4. Of course there’ll likely be more seats later. Airlines constantly evaluate loads and flights whcih are selling more lightly than expected will see more award seats being loaded as time goes on.

5. Australia is the toughest frequent flyer award there is IMHO. (Except that V Australia has great availability in business class, good use of Delta miles.)

6. February is high season. If you got business class seats, you done good!!

7. The new Dallas flight has had better inventory than the LAX flights. With American miles you can also fly LAX-PPT-AKL on TN and connect to SYD on QF. Or LAX-NAN-SYD on FJ.

8. American will not allow an Asia routing on an all-partner award. But they will allow you to do it of course on a distance-based oneworld award.

9. American agents notoriously don’t always see partner award inventory that’s out there, you need them to search segment-by-segment and often to hang up, call back. Very frequently an issue with CX and especially when looking at destinations beyond HKG like DPS.
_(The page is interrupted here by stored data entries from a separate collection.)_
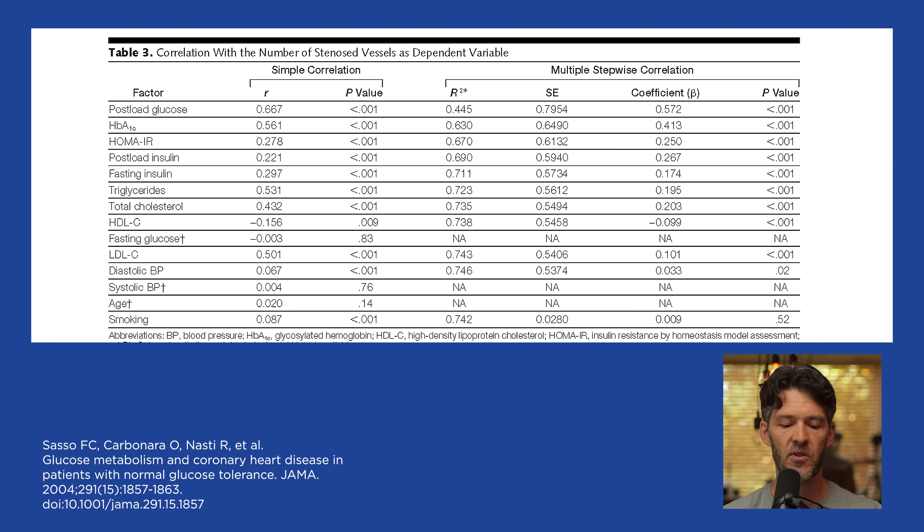They looked at all sorts of different coronary arteries. We're going to talk about table three, which shows the correlation of the number of stenosed vessels as dependent variables. The variables include non-fasted glucose, hemoglobin A1c, the HOMA-IR score, post-meal insulin, fasting insulin, triglycerides, total cholesterol, LDL, and blood pressure. The biomarker most strongly correlated with degree of coronary artery stenosis or occlusion was post-meal glucose.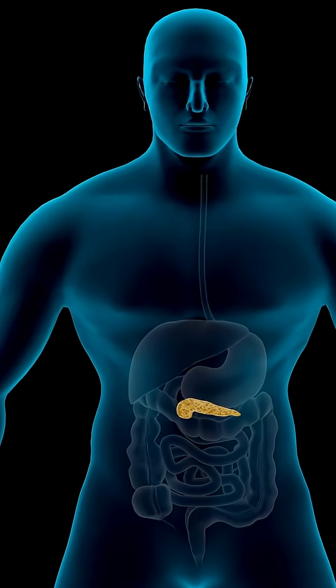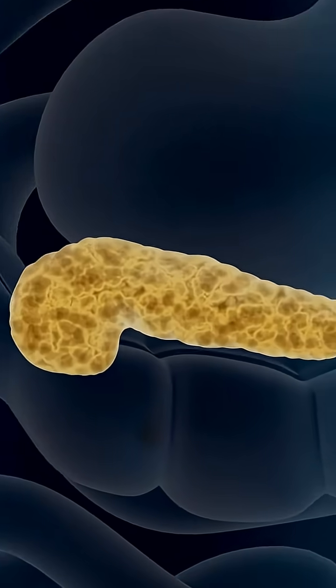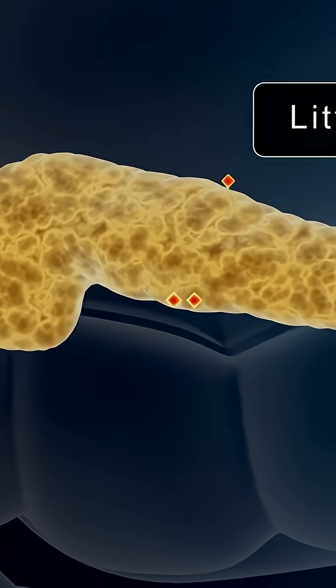But the one people always forget is the generations of sulfonylureas. Sulfonylureas are used to treat diabetes — they trick your pancreas into sort of releasing more insulin.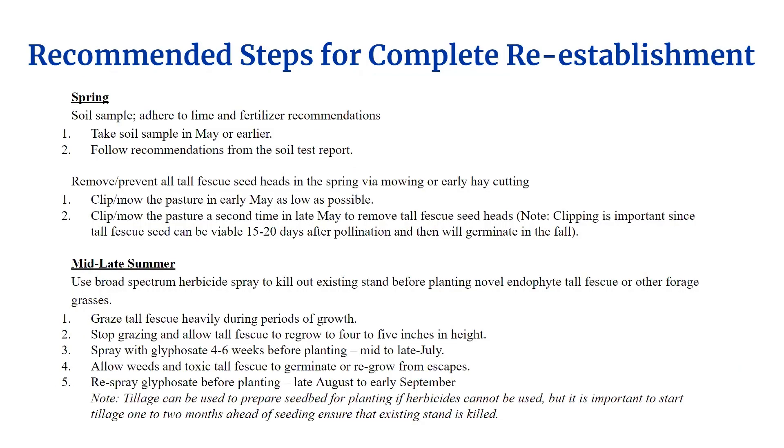On the next two slides, I've got a recommended method for complete reestablishment developed by Dr. Ray Smith. We've talked about the concepts of these steps and you can see here how they can be put into action. Feel free to pause and save these steps or even screenshot them.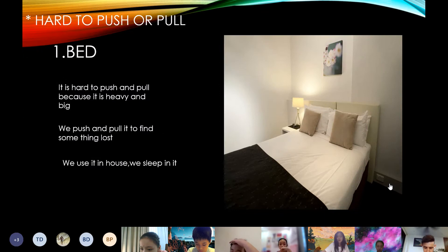The first one hard to push or pull is the bed. It's hard to push and pull because it is heavy and big. We push and pull it to find something else. We use it at home. We sleep in it.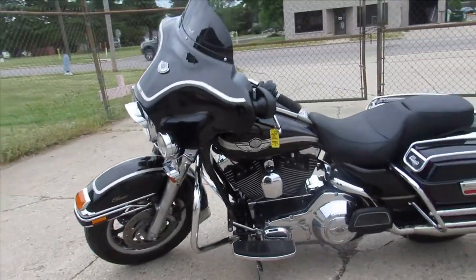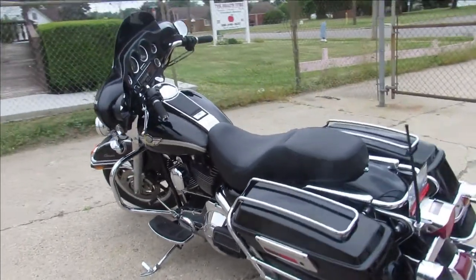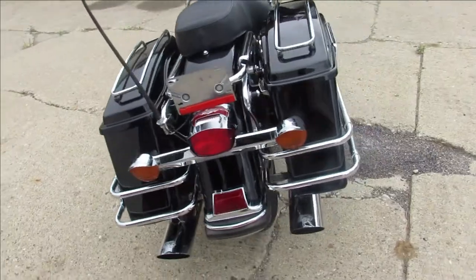It's got dual vans and Heinz exhaust. Really brings this 100th Anniversary Electra Glide to life. This thing sounds great. Hard to find bike in this kind of condition — nearly impossible.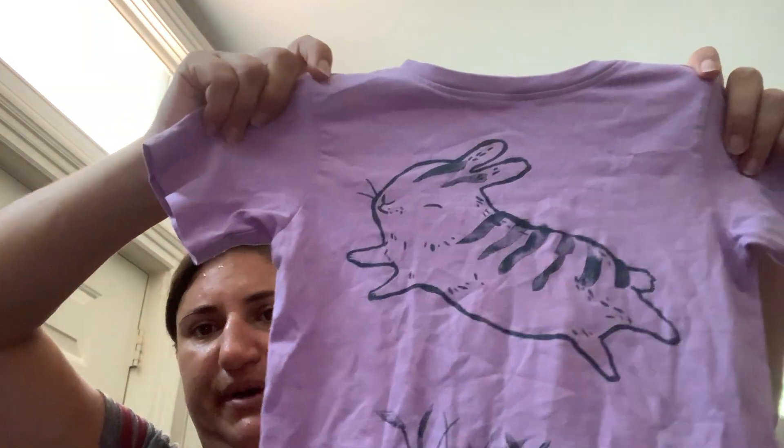This is the children's brand Tea. It's a size 3 and it's just this really cute little bunny t-shirt, and it's got the little T label on the back.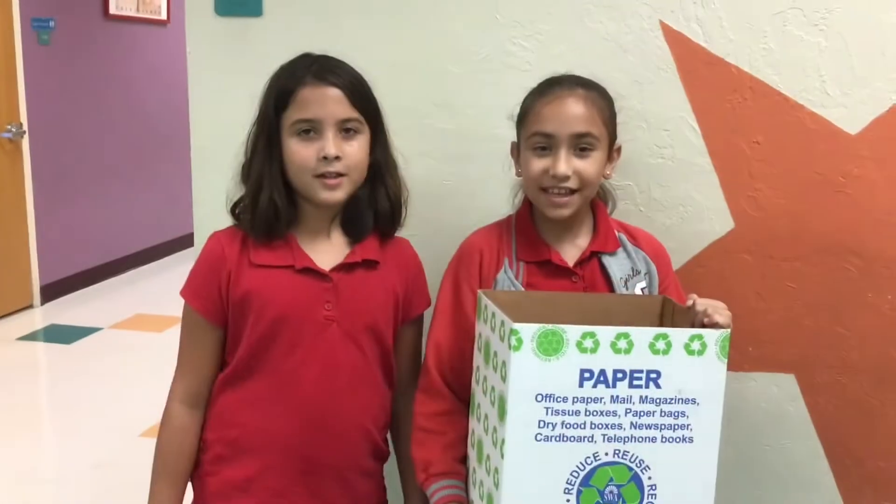Every class should have two students to be the recycle monitors — yeah, it could be a class job. Every day before dismissal, two students can take the paper to be recycled to the yellow recycle bins at the end of the hallway. One person can hold the lid and the other person can dump the paper, just like this.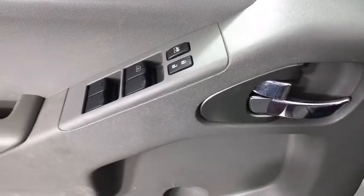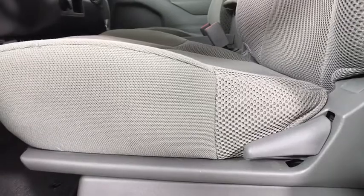Here are some of this vehicle's great options: backup camera, steering wheel audio control, stability control, anti-lock braking system, keyless entry, Bluetooth, power steering, adjustable steering wheel, four-wheel drive, and four-wheel disc brakes.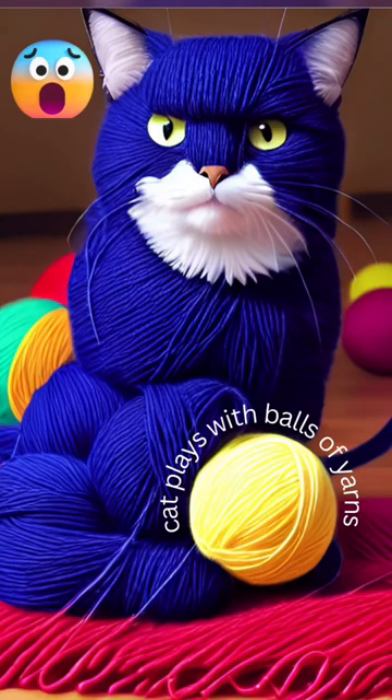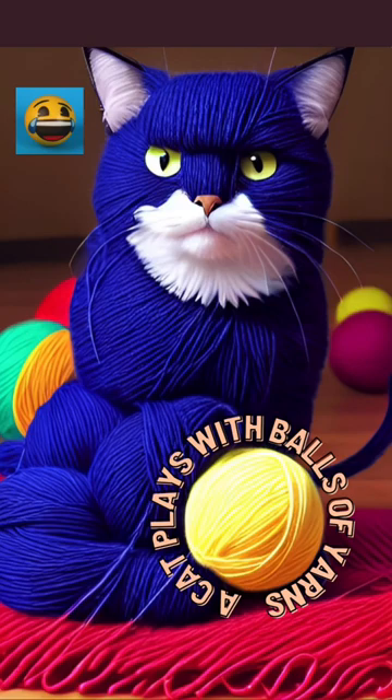This cat image was created by artificial intelligence, AI. I typed in an instruction of what I want AI to draw. This command was a cat playing with many balls of yarn in different colors, and then I added more yarn to the existing image. The end result turned out quite funny, as you can tell.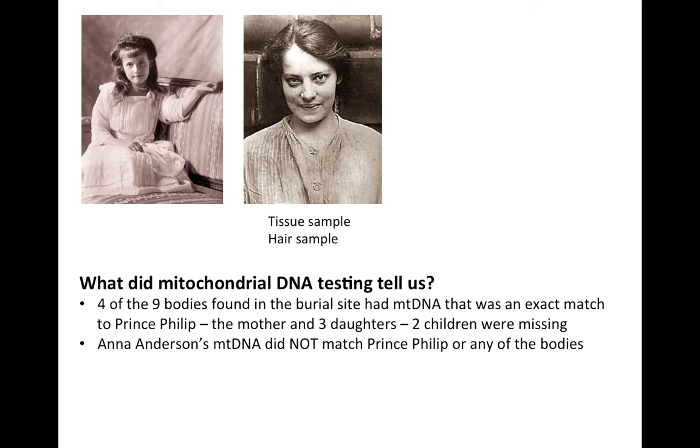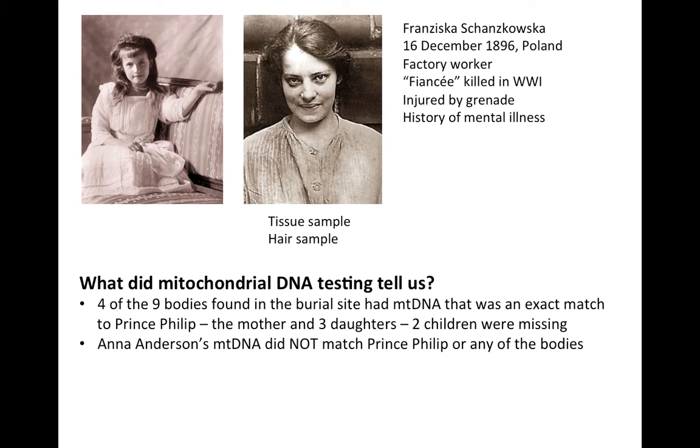This raised the question: if she wasn't Anastasia, who was she? Back in the 1920s, when she first came to notoriety, the remaining members of the Russian royal family hired an investigator, who concluded that Anna Anderson was in fact Franziska Szanskowska — a Polish factory worker whose fiancé had been killed in World War I. Within weeks of that sad news, she had accidentally dropped a grenade in the munitions factory where she worked. It exploded, killing a man in front of her and injuring her head. Thereafter she had a history of mental illness, and in 1920 she disappeared from her lodgings in Berlin and was never heard of again.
The Qantas website is great for searching awards with most oneworld partners (just join their program, from most countries it’s free to do so). The British Airways website covers some partner availability that Qantas isn’t good at showing or doesn’t offer like Cathay Pacific and Japan Airlines. The website is more cumbersome than Qantas’, but if you can find the seats on the BA site you know they’re available to partners for sure.

About Gary Leff

Gary Leff is one of the foremost experts in the field of miles, points, and frequent business travel - a topic he has covered since 2002. Co-founder of frequent flyer community InsideFlyer.com, emcee of the Freddie Awards, and named one of the "World's Top Travel Experts" by Conde' Nast Traveler (2010-Present) Gary has been a guest on most major news media, profiled in several top print publications, and published broadly on the topic of consumer loyalty. More About Gary »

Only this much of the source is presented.